_TASK DIRECTIONS:_ Please output the records below word for word and omit the pictures.
++++++
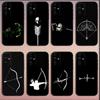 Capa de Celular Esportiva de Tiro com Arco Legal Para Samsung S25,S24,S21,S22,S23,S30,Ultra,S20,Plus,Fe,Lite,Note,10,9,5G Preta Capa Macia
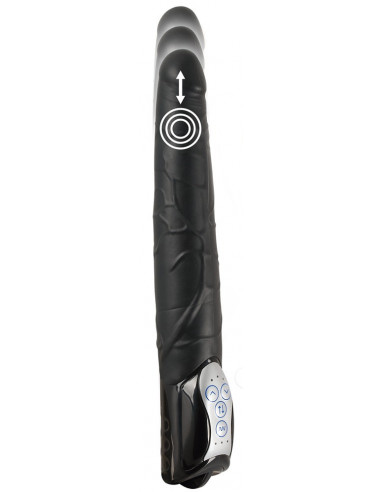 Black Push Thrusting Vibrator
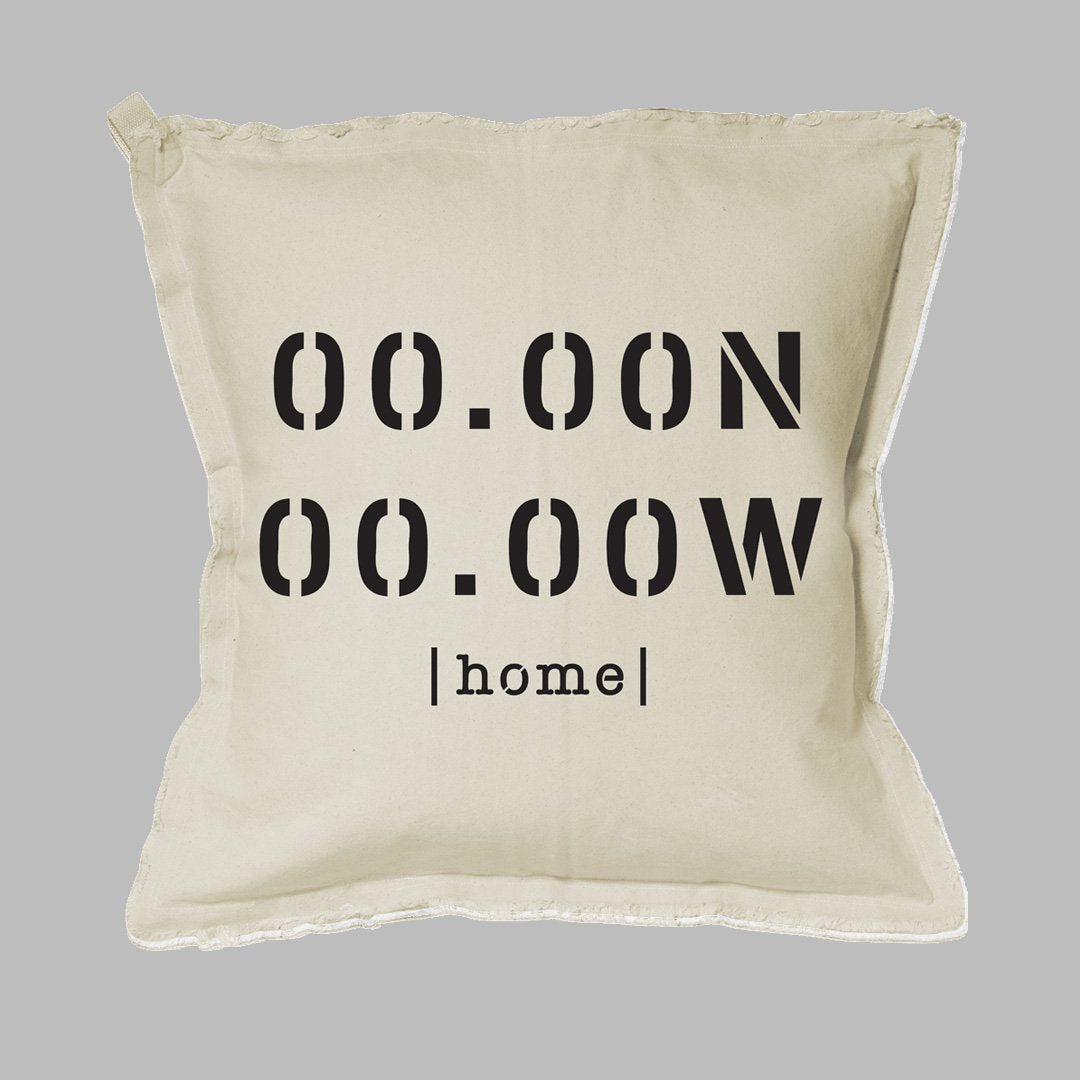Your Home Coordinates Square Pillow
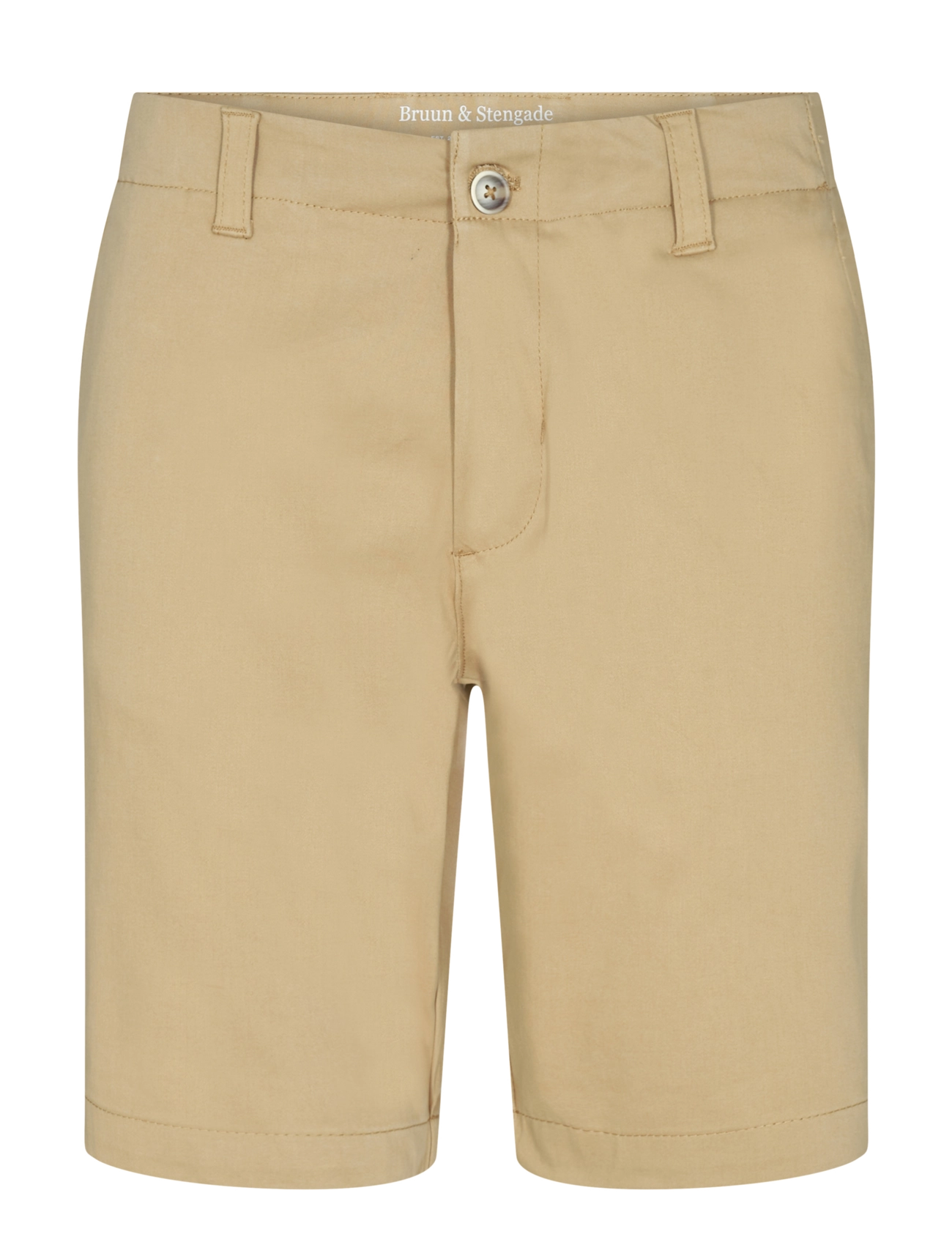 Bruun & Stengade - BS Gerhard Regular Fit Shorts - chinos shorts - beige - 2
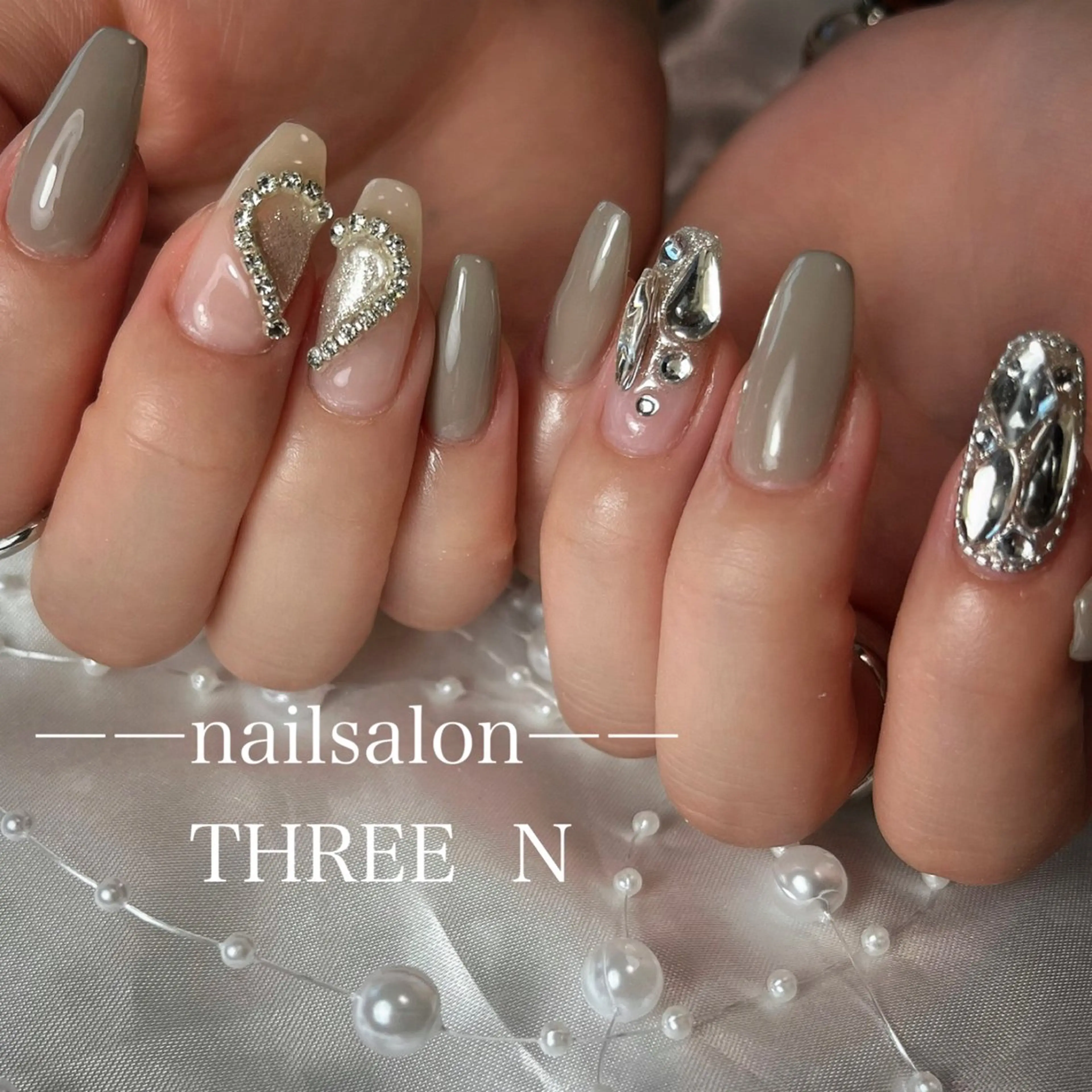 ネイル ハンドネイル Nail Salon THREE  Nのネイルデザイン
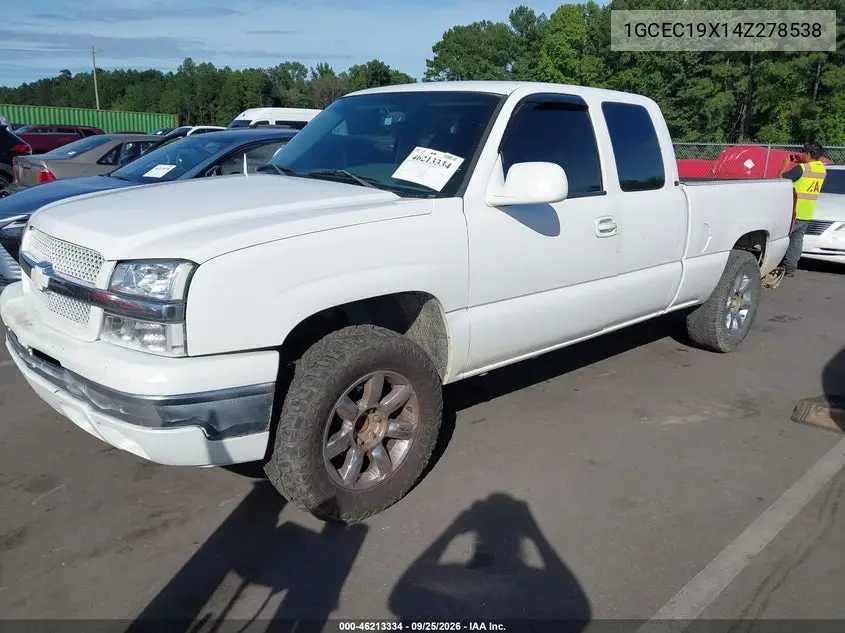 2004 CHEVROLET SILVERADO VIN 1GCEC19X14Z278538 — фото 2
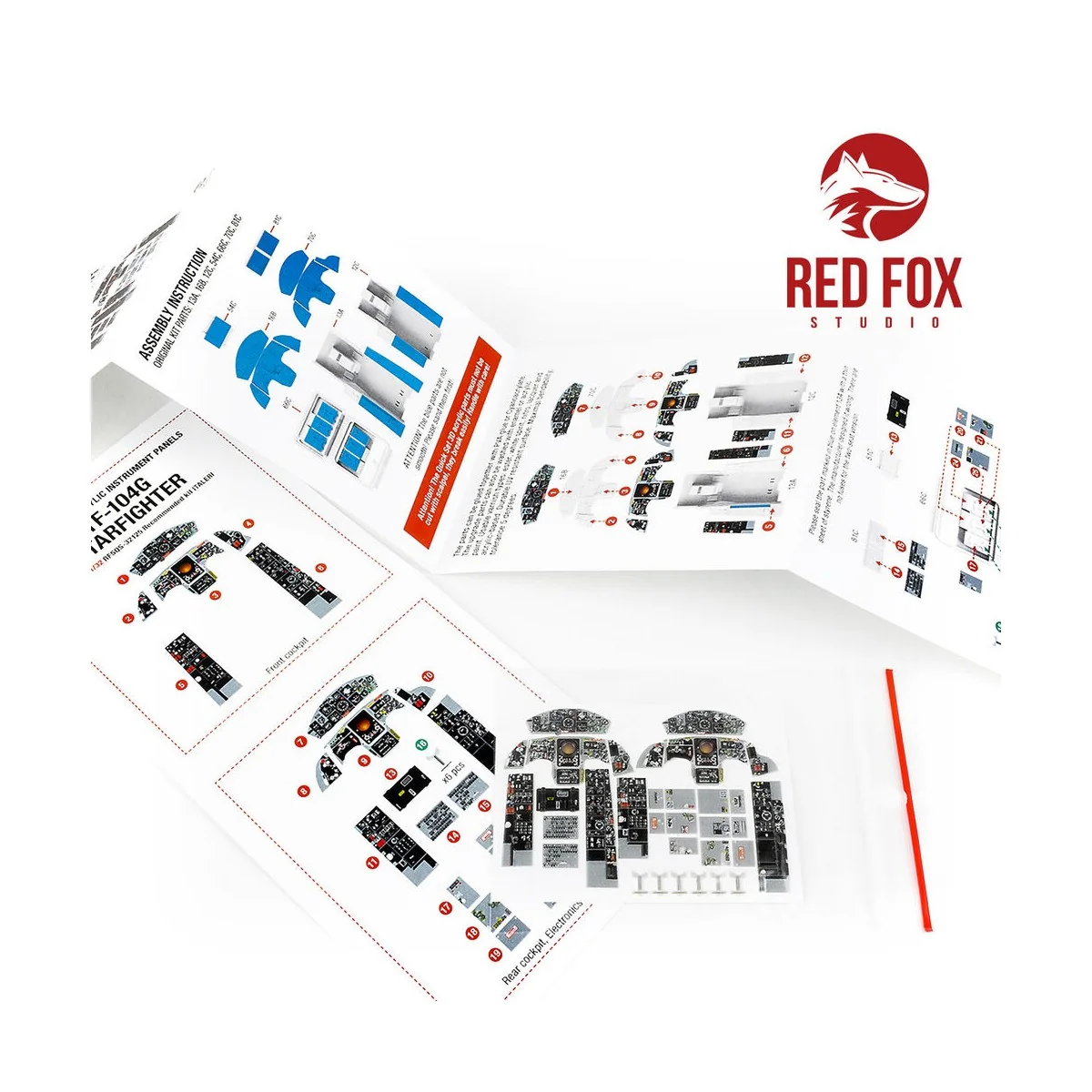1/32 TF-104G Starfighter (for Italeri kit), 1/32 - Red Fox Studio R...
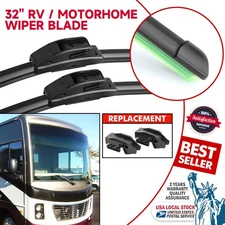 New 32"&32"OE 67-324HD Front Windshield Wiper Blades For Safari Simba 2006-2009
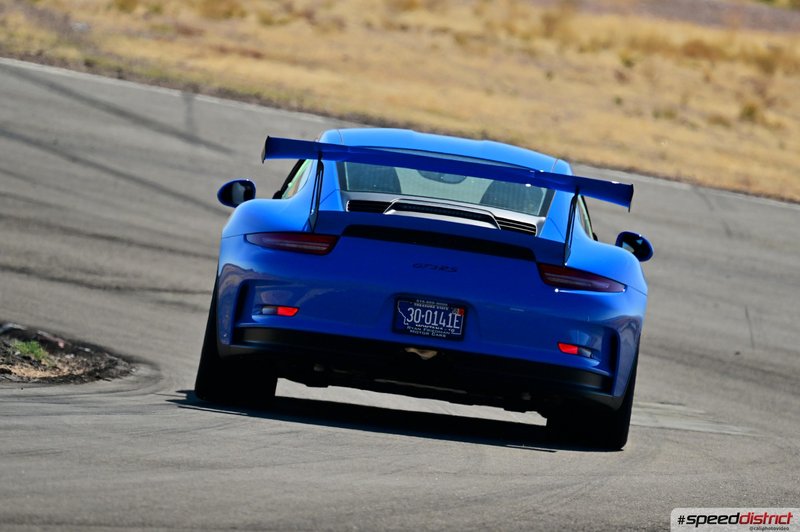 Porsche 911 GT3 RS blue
++++++
_EXERCISE RESULT:_
 Capa de Celular Esportiva de Tiro com Arco Legal Para Samsung S25,S24,S21,S22,S23,S30,Ultra,S20,Plus,Fe,Lite,Note,10,9,5G Preta Capa Macia
 Black Push Thrusting Vibrator
Your Home Coordinates Square Pillow
 Bruun & Stengade - BS Gerhard Regular Fit Shorts - chinos shorts - beige - 2
 ネイル ハンドネイル Nail Salon THREE  Nのネイルデザイン
 2004 CHEVROLET SILVERADO VIN 1GCEC19X14Z278538 — фото 2
1/32 TF-104G Starfighter (for Italeri kit), 1/32 - Red Fox Studio R...
 New 32"&32"OE 67-324HD Front Windshield Wiper Blades For Safari Simba 2006-2009
 Porsche 911 GT3 RS blue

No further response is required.